After decades of bipartisan neglect of the national defence, Peter Dutton’s budget reply speech was as refreshing as it was relevant. The problem for an incoming Coalition minister would be how the Australian Defence Force could have its equipment cake and eat it too. The Opposition Leader promised to invest so Australia could “deter aggression and maintain peace”. He is airborne already, previously promising $3bn to buy a fourth squadron of F-35 joint strike fighters to add to the 75 now in service.

RAAF Air Vice-Marshal Nicholas Hogan welcomes the possibility of 28 more F-35s, perhaps because the RAAF expected them until they were cancelled by the Albanese government. The fighter, when equipped with on-order air-to-sea capable missiles, will be essential to our maritime defence – certainly whenever the navy’s resupply ships are out of service with mechanical faults, as they are now.

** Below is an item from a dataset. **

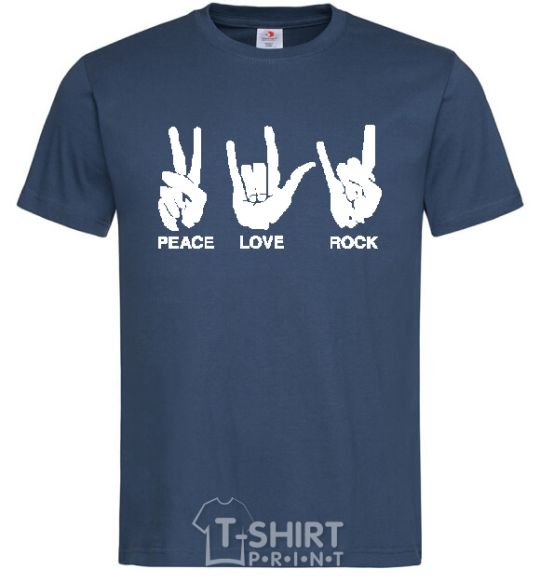 Men's T-Shirt PEACE LOVE ROCK navy-blue фото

But hi-tech, low-cost kit the F-35 is not, and it certainly does not deliver on Mr Dutton’s other promise “to energise our domestic defence industry” and “re-tool the ADF with asymmetric capabilities to deter a larger adversary”. This makes a case for the Ghost Bat, an uncrewed aircraft designed and test-flown in Australia by the RAAF and partner Boeing. Whether it will be armed – indeed, whether the RAAF will deploy it at all – appears undecided, but its purpose is to fly combat missions as a lower-cost force-multiplier that preserves the air force’s most valuable asset, aircrew. The air force must pick the drone that does the most for the least cost and can enter service in the quickest production time, but the Ghost Bat is an obvious example of how to meet Mr Dutton’s brief for more of Australia’s defence materiel to be made in Australia.

Critics of the cost of such an expansion say, variously, it can’t be done or need not be done. The response to the first claim is that we need to learn how and learn now. There is a bipartisan commitment to start work on a nuclear-powered submarine in Adelaide this decade. Defence industries need the practice in the immensely complex planning and training programs that will require. As to the second claim, any argument that Australia faces no threat was answered in February by a Chinese People’s Liberation Army Navy squadron circumnavigating Australia. It was a projection of power intended to intimidate. And the idea that Ukraine’s heroic defence demonstrates wars can be fought by off-the-shelf drones does not apply – close-order infantry fighting on the steppes and short-range air raids are nothing like the vast distances of the Pacific. The US gets this, announcing a new fighter aircraft program, the piloted F-47, which will work with but not be replaced by drones.

There is now no low-cost exclusive AI option to expensive, human-crewed aircraft and submarines. But, as the Ghost Bat could show, affordable AI could increase their firepower. Australia’s strategic environment is transformed and we no longer can assume that we are free of threat for years to come. This means we need to arm up or be willing to give up. The more of our defence that can be made efficiently in Australia, the better.